Making things even more of a challenge was that the group had hoped to release a new album this year, something that now won’t happen until at least 2018. An earlier run of shows in the spring went off big-time, with Howerdel and his bandmates playing to packed houses. This fall has been different.
So, after initially suggesting he’s not sure what’s been keeping him awake at night, Howerdel then offers: “Maybe it’s that I’ve got too much on my mind—like trying to finish this record on top of touring. Probably my mind is just racing too much. The shows haven’t been as well-attended as the spring, and that’s been a little bit of a head-scratcher for us. You can try and figure those things out, but that turns into an exercise in frustration.
“It’s for people in different parts of this organization—managers and booking agents and promoters—to worry about more than me,” he continues. “But I’d be lying to say that it didn’t matter to me—it’s nice when you go out and see a full room, and the spring was mostly like that. But then again, it’s only been a few shows, so maybe it’s just a little ego trip on my part.”
That the guitarist laughs self-deprecatingly at the ego-trip part of his assessment speaks volumes about his easygoing attitude toward rock stardom. Far from being self-absorbed and convinced of his own brilliance, he couldn’t come across as more down-to-earth, as willing to discuss his passion for cooking as he is to talk music.
As noted, it’s not like he isn’t used to seeing the world from a tour bus. Long before forming A Perfect Circle with Keenan—a former roommate—Howerdel already had a pretty good idea how to carve out a successful career in the music business.
His start came behind the scenes working as a guitar tech, first for bar bands, then eventually for megastars like Guns N’ Roses. Years on the back end would not only teach him plenty about being a professional but help him make countless contacts. Those would include well-respected musicians like drummer Josh Freese (Guns N’ Roses), bassist Paz Lenchantin (the Pixies), and Troy Van Leeuwen (Queens of the Stone Age), all of whom would play on Mer de Noms. Howerdel notes that he spent around eight years jumping from tour to tour with bands as a tech. But rather than partying at the end of the night, he was always thinking about the future.

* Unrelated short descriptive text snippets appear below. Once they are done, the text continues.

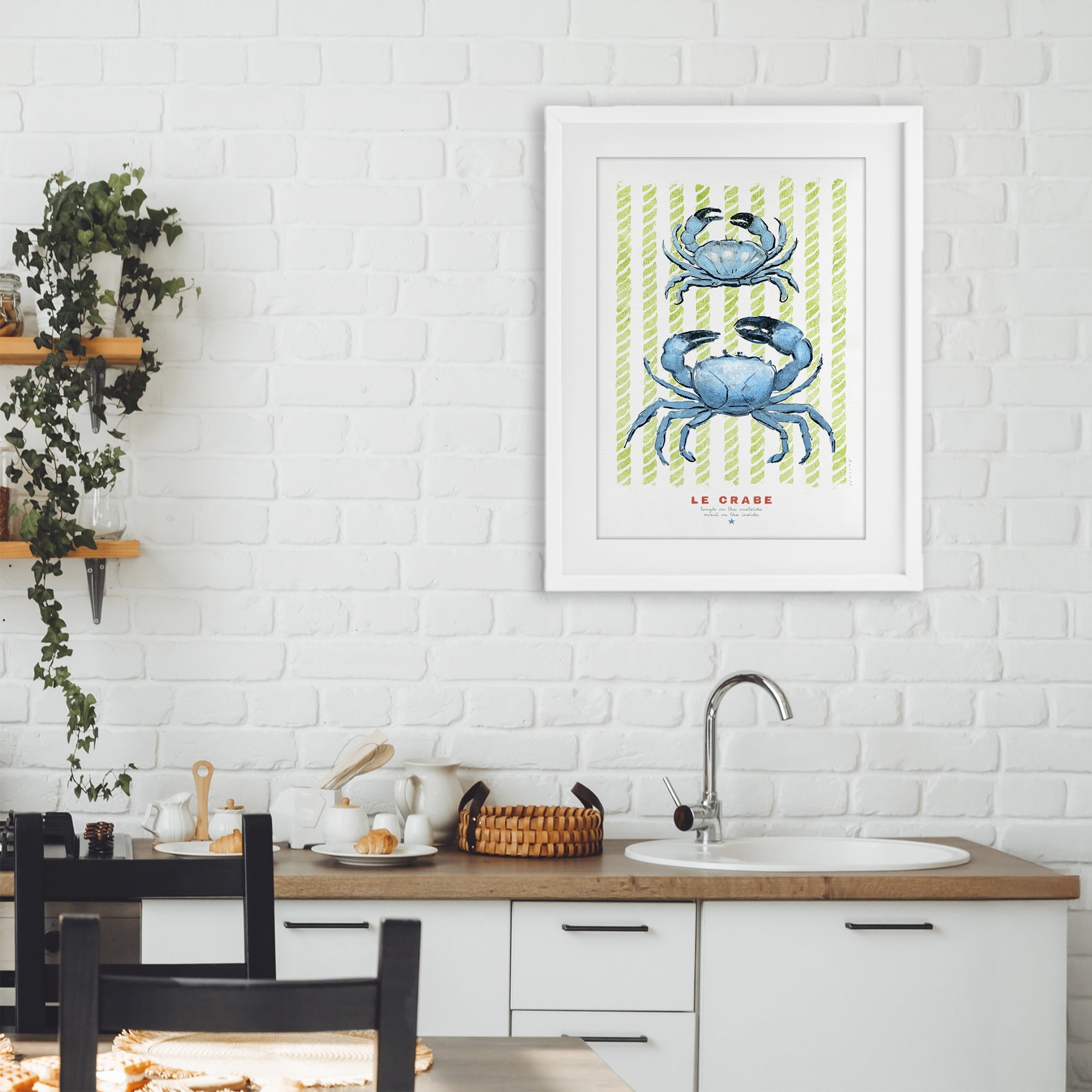 Stupell Industries Modern Bistro Crabs White Framed Print Under Glass, design by Chad Barrett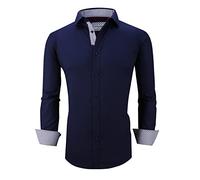 Alex Vando Mens Dress Shirts Regular Fit Long Sleeve Stretch Business Dress Shirts for Men,Navy,XL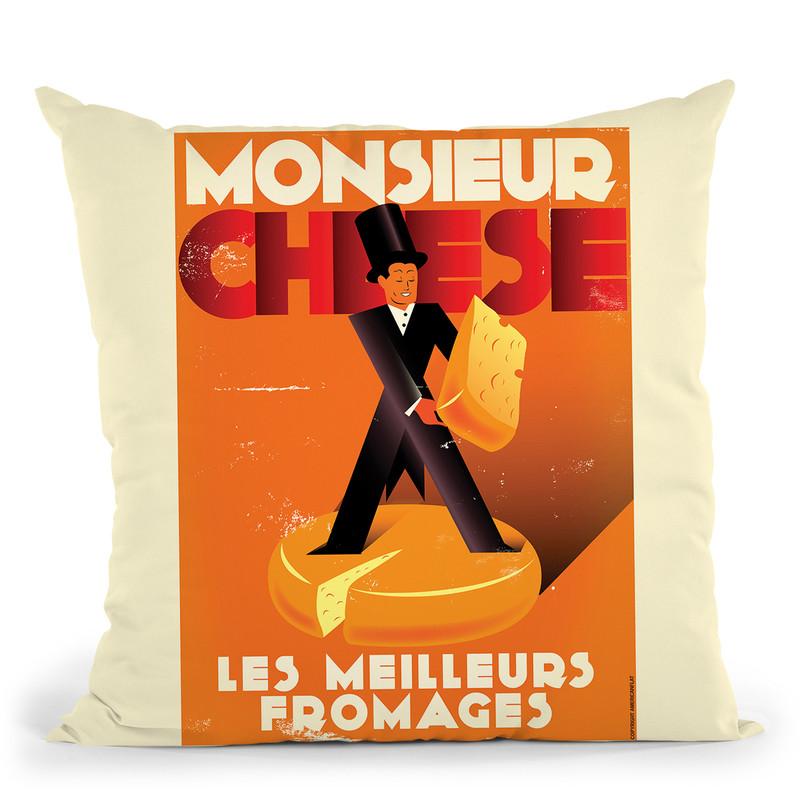 Monsieur Cheese Throw Pillow By American Flat - All About Vibe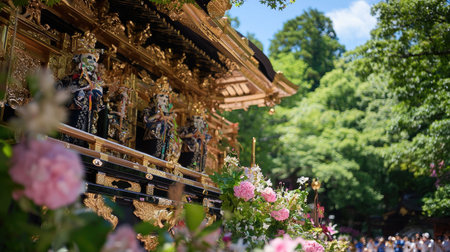 A magnificent shrine embellished with gold and surrounded by vibrant blossoms, nestled among lush trees, evokes a sense of tranquility and cultural heritage.の素材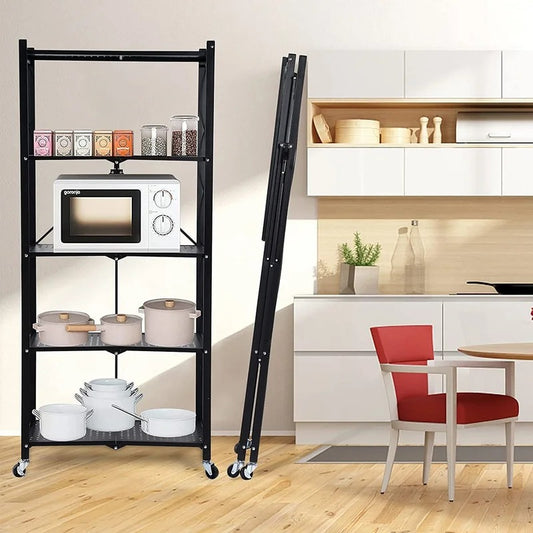 Kitchen Shelves: 5 Tier Heavy Zexan Foldable Metal Shelf Storage Shelving Unit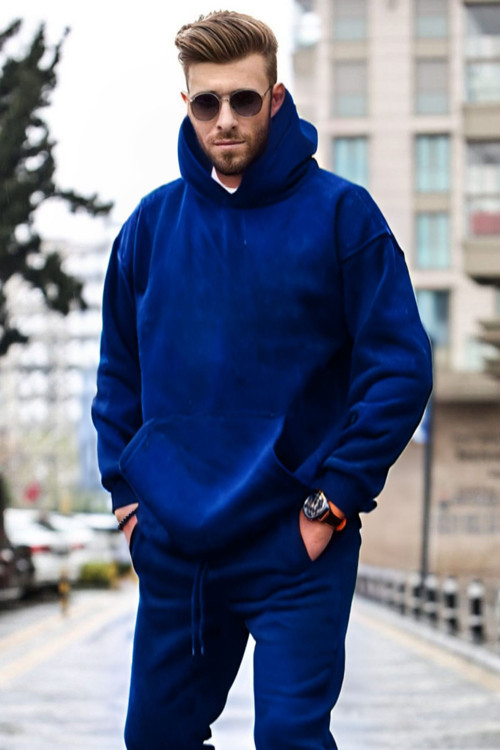 Erkek 3 İplik Kapşonlu Yaka Kalın Sweatshirt Pamuklu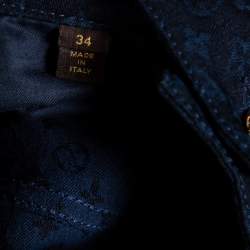 Pre Owned Louis Vuitton Navy Blue Monogram Jacquard Denim Jeans S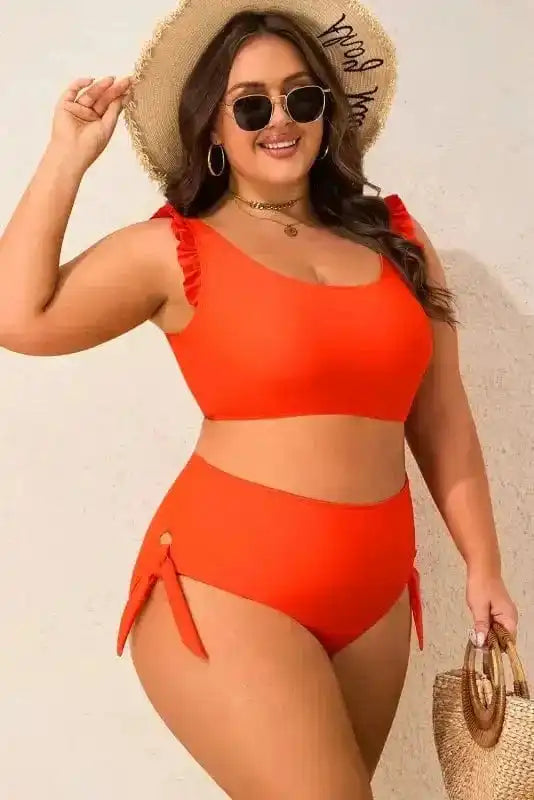 Plus Size Swimwear Orange Plus Size Bikini Set - Ruffled Trim Knotted High Waist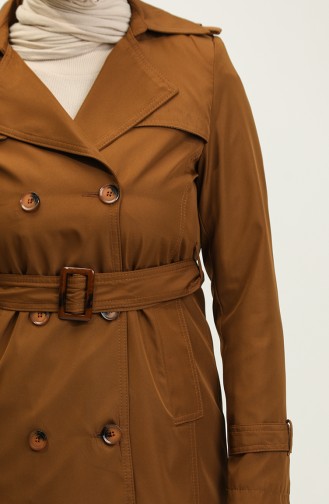 Seizoensgebonden Trenchcoat Voor Dames Bruin 6614.Taba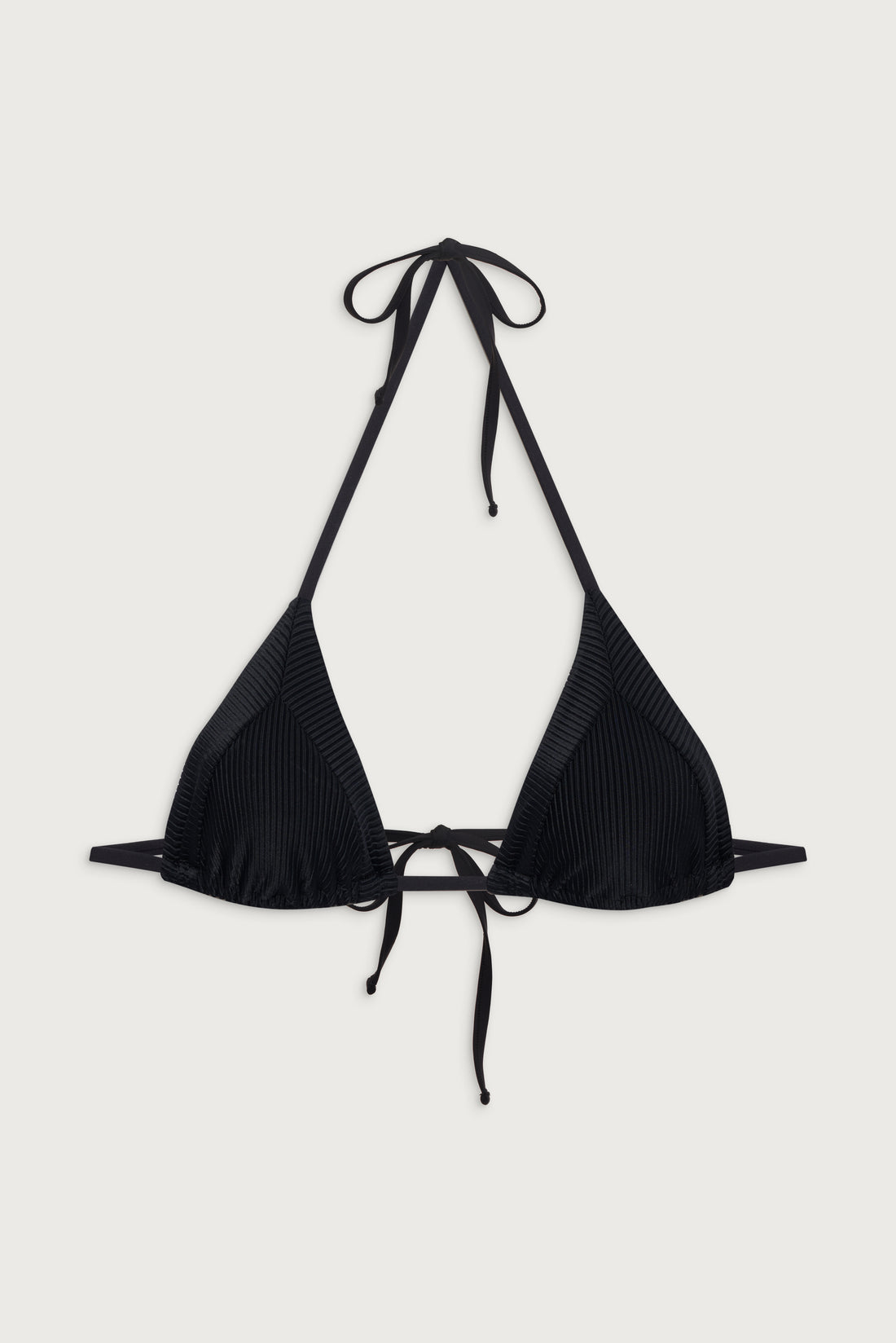 Frankies Bikinis Sky Ribbed Triangle Bikini Top Black – Drift House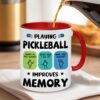 Pickleball Gifts - Pickleball Mug And Coaster - Funny Gift For Men, Women - Playing Pickleball Improves Memory Mug - Unique Christmas, Birthday Gift For Mom, Dad, Friend, Pickleball Lover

“I really didn’t live anywhere,” Howerdel says. “I was always on the road with nothing but a credit card, a phone card, and life insurance. I was saving up money and writing songs to make APC happen. I put enough money away in the bank that I was able to basically finance the first record, and that was a scary thing. I could have not made it, and instead ended up broke and having to start all over.”
Howerdel says his expectations were low even though A Perfect Circle moved quickly from playing its first show at the Viper Room to appearing at the inaugural edition of Coachella. Initial shows were in small clubs that typically held 100 to 300 fans.
“Tool was a theatre band at that point, and Maynard’s name brought a lot of weight to A Perfect Circle, even though that didn’t translate to ticket sales,” the guitarist says.
Nonetheless, things began to take off in 2000 after A Perfect Circle found itself enlisted as the opening act on a Nine Inch Nails tour for The Fragile, then began to gain serious traction when shit-hot director David Fincher helmed the band’s video for “Judith”.
Flashforward nearly two decades, and a couple of sleepless tour-bus nights are doing nothing to make Howerdel regret the path that he continues to follow with A Perfect Circle.
“I was happy behind the scenes and always enjoyed it, but doing this was always the plan for me. When I was 17 or 18 and trying to figure out what I wanted to do, this was the trajectory. I didn’t really assign any amount of years to it, but I always thought from age 18 that I wanted to be a tech, move into being a production manager, move into being a musician, and then do acting, directing, and producing movies. That was my long-term 50-year plan. And it’s sort of taking that shape.”
A Perfect Circle plays the Pacific Coliseum next Thursday (November 30).